Der Dreißigjährige Krieg endete 1648 mit dem Westfälischen Frieden. Von Zeitgenossen wurde der Friedensschluss weithin akzeptiert. Was zeichnete ihn aus?

Die Diplomaten haben sich auf das Machbare beschränkt. Ganz am Anfang des Vertrages steht eine Einigung auf "Amnestie" und "immerwährendes Vergessen". Die Schuldfrage wurde also nicht gestellt. Dinge, die nicht zu ändern waren, wurden akzeptiert. Als die Verhandler sahen, dass ein europäischer Frieden unmöglich war, beschränkten sie sich darauf, erst einmal in Mitteleuropa, also in Deutschland, einen Frieden hinzubekommen. Dabei kamen alle Seiten zu Wort. Das hat zwar lange gedauert - die Verhandlungen hatten ja schon 1645 begonnen. Doch am Ende stand ein für alle Seiten akzeptabler Friedensschluss.

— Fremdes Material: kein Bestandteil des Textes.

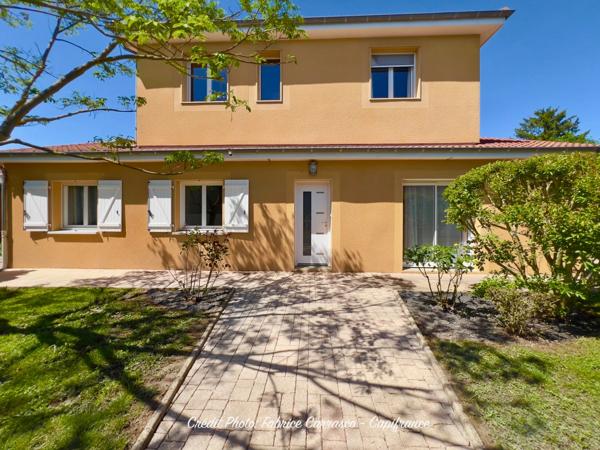 MARINGUES 63: Maison familiale de 144 m² avec piscine, 6 chambres, garage, jardin et pergola bioclimatique, panneaux photovoltaïque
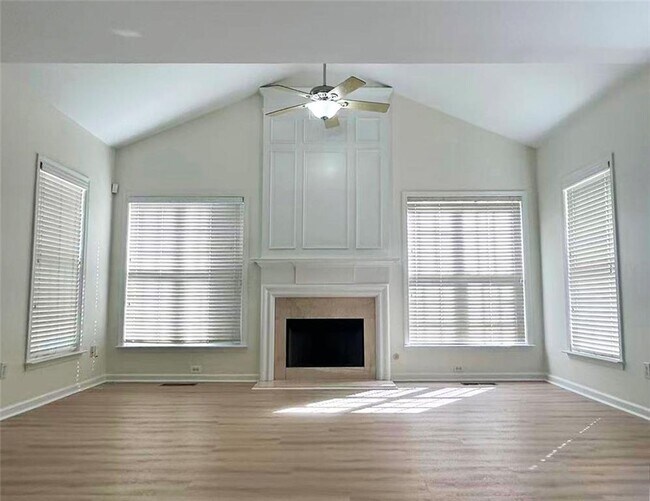 Foto del edificio - 7985 Cavendish Pl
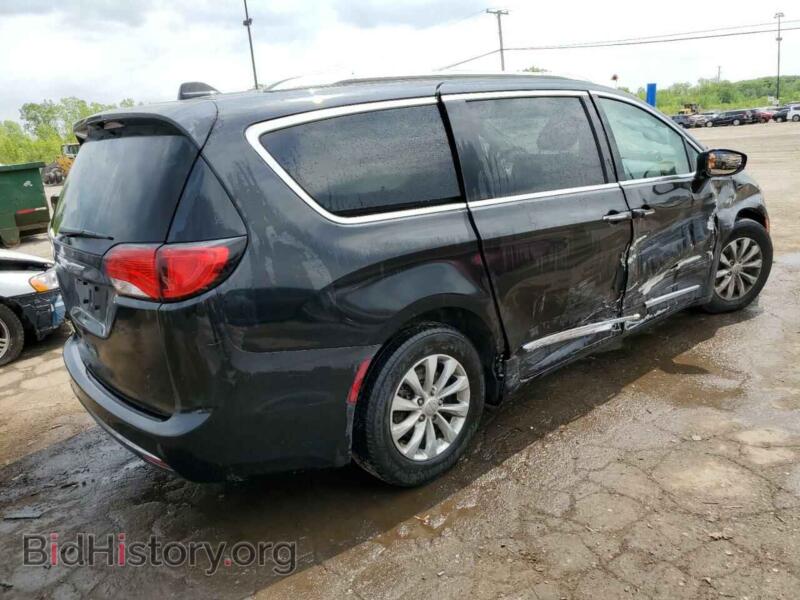 2019 Chrysler PACIFICA (VIN 2C4RC1BG8KR657264) — photo 3 of 13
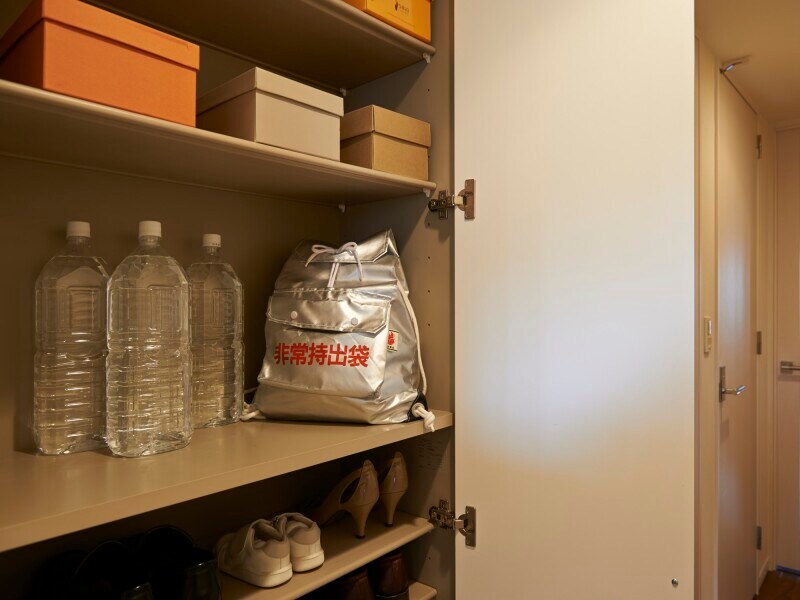 非常用持ち出し袋は玄関などに置いておくといい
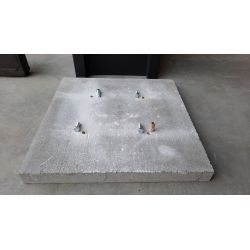Betonsokkel voor Geroba brievenbus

Kann der Westfälische Frieden als Modell für die Lösung heutiger Konflikte dienen, beispielsweise im Nahen Osten? Diese Ansicht vertreten ja unter anderem der Politologe Herfried Münkler oder der jetzige Bundespräsident Frank-Walter Steinmeier.

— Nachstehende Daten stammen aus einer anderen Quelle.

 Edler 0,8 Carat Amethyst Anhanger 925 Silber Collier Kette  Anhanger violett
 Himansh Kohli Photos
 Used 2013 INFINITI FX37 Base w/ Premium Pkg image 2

Ich bin da skeptisch. Eine der Grundvoraussetzungen des Westfälischen Friedens war die bereits genannte Gewährung einer allgemeinen Amnestie. Das könnte heute kein Politiker mehr unterschreiben. Die Öffentlichkeit würde ihn fressen. Wenn Syriens Machthaber Baschar al-Assad heute irgendeiner Form von Frieden zustimmt, kann er nicht mit "immerwährendem Vergessen" rechnen, sondern sich gleich eine Zelle in Den Haag buchen. Außerdem war das Reich kein gescheiterter Staat, die Mächte konnten 1648 im Wesentlichen zu den Spielregeln von vor 1618 zurückkehren. Und Wallenstein war kein Warlord. Als Feldherr des Kaisers war er ein immenser Aufsteiger - aber er wurde vom Kaiser regulär und legal mit Territorien belehnt.

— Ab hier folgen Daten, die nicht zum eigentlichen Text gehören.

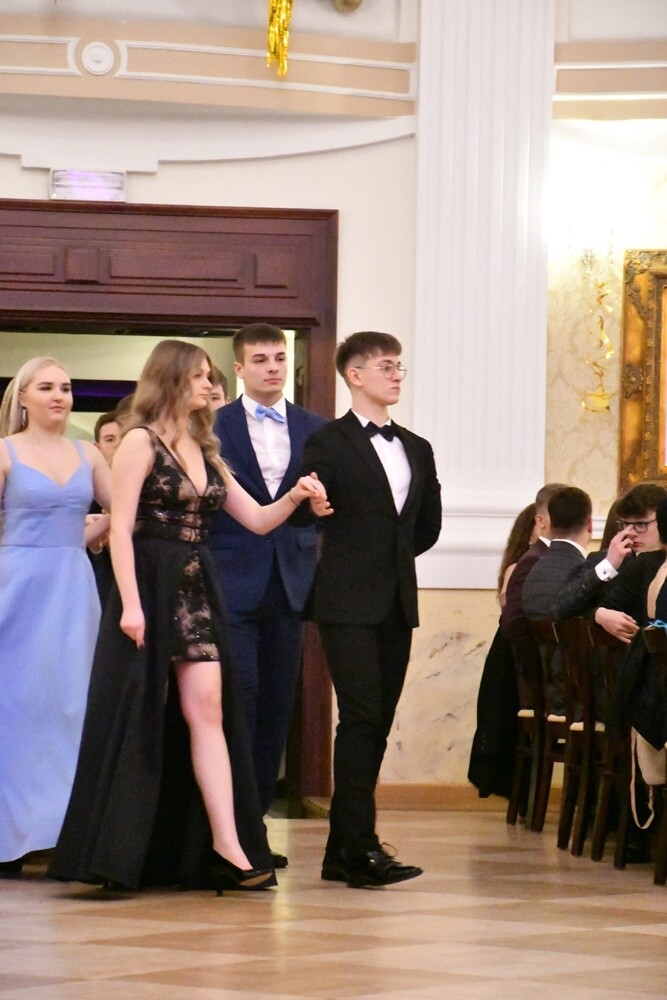 Tegoroczni maturzyści I Liceum Ogólnokształcące im. Adama Mickiewicza bawili się na studniówce w Adrii w Rudzie. Zabawa do rana tradycyjnie rozpoczęła się polonezem. 

fot. Jacek Knapik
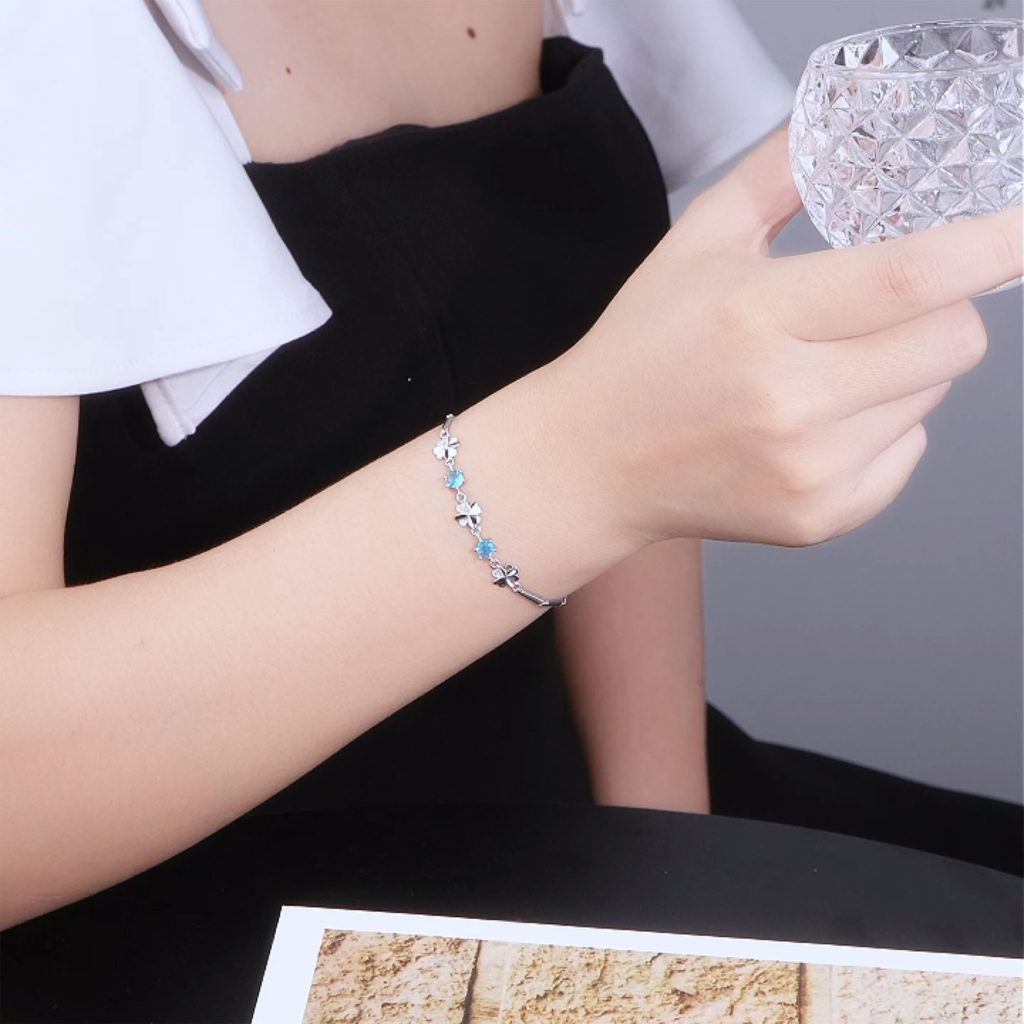 Lắc Tay Cỏ 4 Lá Phong Cách Thanh Lịch Hằng Ngày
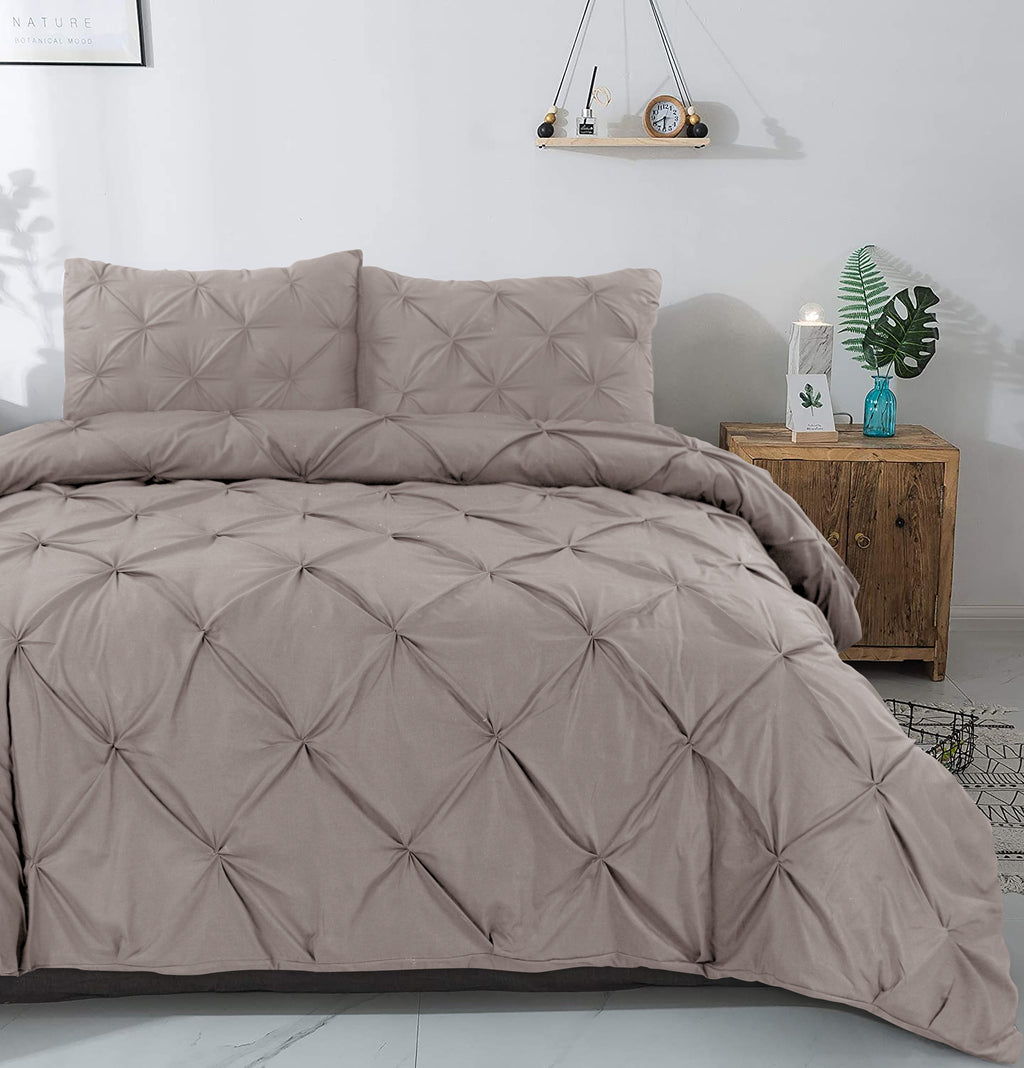 Dekbedovertrek katoen pintuck Salvador taupe 240 x 220 cm, met 2 kussenslopen 60 x 70 cm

Ist der Dreißigjährige Krieg dann heute noch relevant?

Selbstverständlich, aber vor allem mit Blick auf den eigenen Kulturkreis und das Zusammenwachsen der europäischen Staaten. Es stimmt nicht, wenn es heißt, Europa sei ohne Vorbild. Am Ende des Dreißigjährigen Krieges hatte man ein Mehrebenenmodell gefunden mit Souveränitäten, Halbsouveränitäten und geregelten Interventionsmöglichkeiten. Wir denken heute immer noch im Nationalstaatsmodell des 19. Jahrhunderts, aber das gibt es so nicht mehr. Der Staat ist geöffnet, Brüssel hat Einwirkungsmöglichkeiten, die Souveränität ist geteilt. Es ist wichtiger, in den Entscheidungszirkeln mitzubestimmen, als dass man sich selber abschließt. Souveränität ist Teilhabe an diesen übergeordneten Entscheidungszirkeln. Und da kann man im Westfälischen Frieden sehen, wie so etwas zu vereinbaren ist - auch mit Öffnungsklauseln und Ausnahmen von den Ausnahmen.